**Exercise brief**
Look below for the line with "New 2026 Kia Sorento S image 3" and the line with "Apartment 2+1 with sea view in Kestel area". Copy exactly those two lines and every line between, but not the pictures.

**Provided data**

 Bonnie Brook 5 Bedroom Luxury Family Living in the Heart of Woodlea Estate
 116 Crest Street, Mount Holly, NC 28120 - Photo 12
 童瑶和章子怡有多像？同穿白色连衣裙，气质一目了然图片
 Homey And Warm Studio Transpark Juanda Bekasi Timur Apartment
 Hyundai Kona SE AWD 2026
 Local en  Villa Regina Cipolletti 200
--
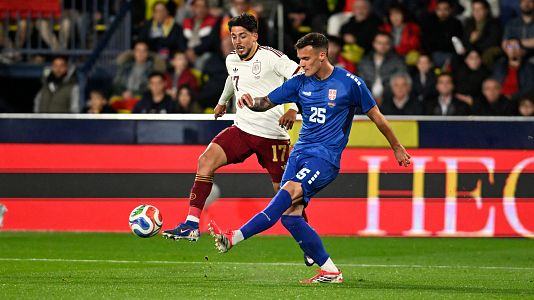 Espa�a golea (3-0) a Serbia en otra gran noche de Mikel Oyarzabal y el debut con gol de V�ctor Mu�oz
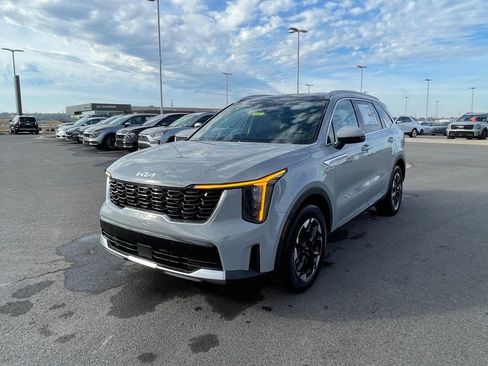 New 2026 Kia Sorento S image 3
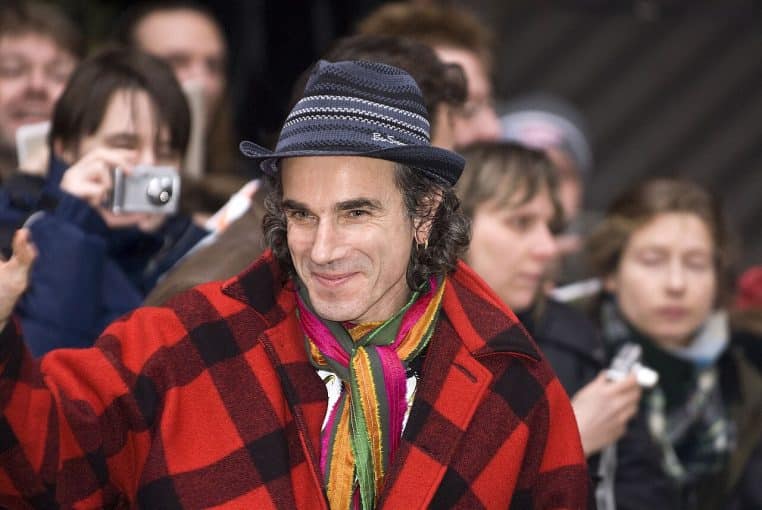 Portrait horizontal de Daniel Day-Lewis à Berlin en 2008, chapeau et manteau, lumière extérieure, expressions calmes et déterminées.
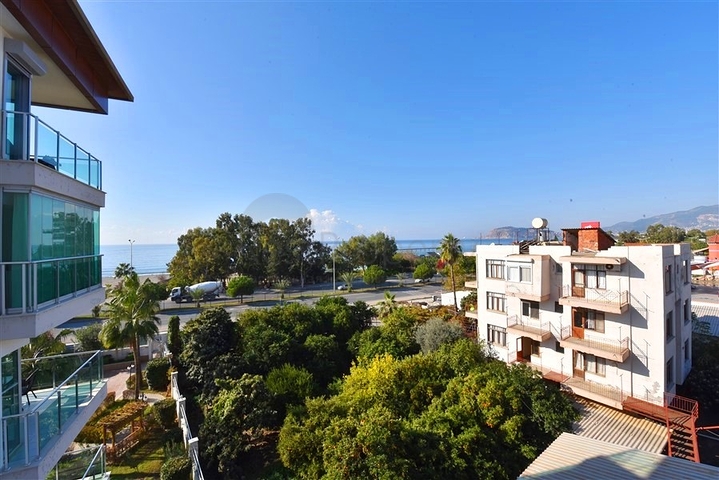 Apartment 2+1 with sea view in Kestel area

**Output**
 New 2026 Kia Sorento S image 3
 Portrait horizontal de Daniel Day-Lewis à Berlin en 2008, chapeau et manteau, lumière extérieure, expressions calmes et déterminées.
 Apartment 2+1 with sea view in Kestel area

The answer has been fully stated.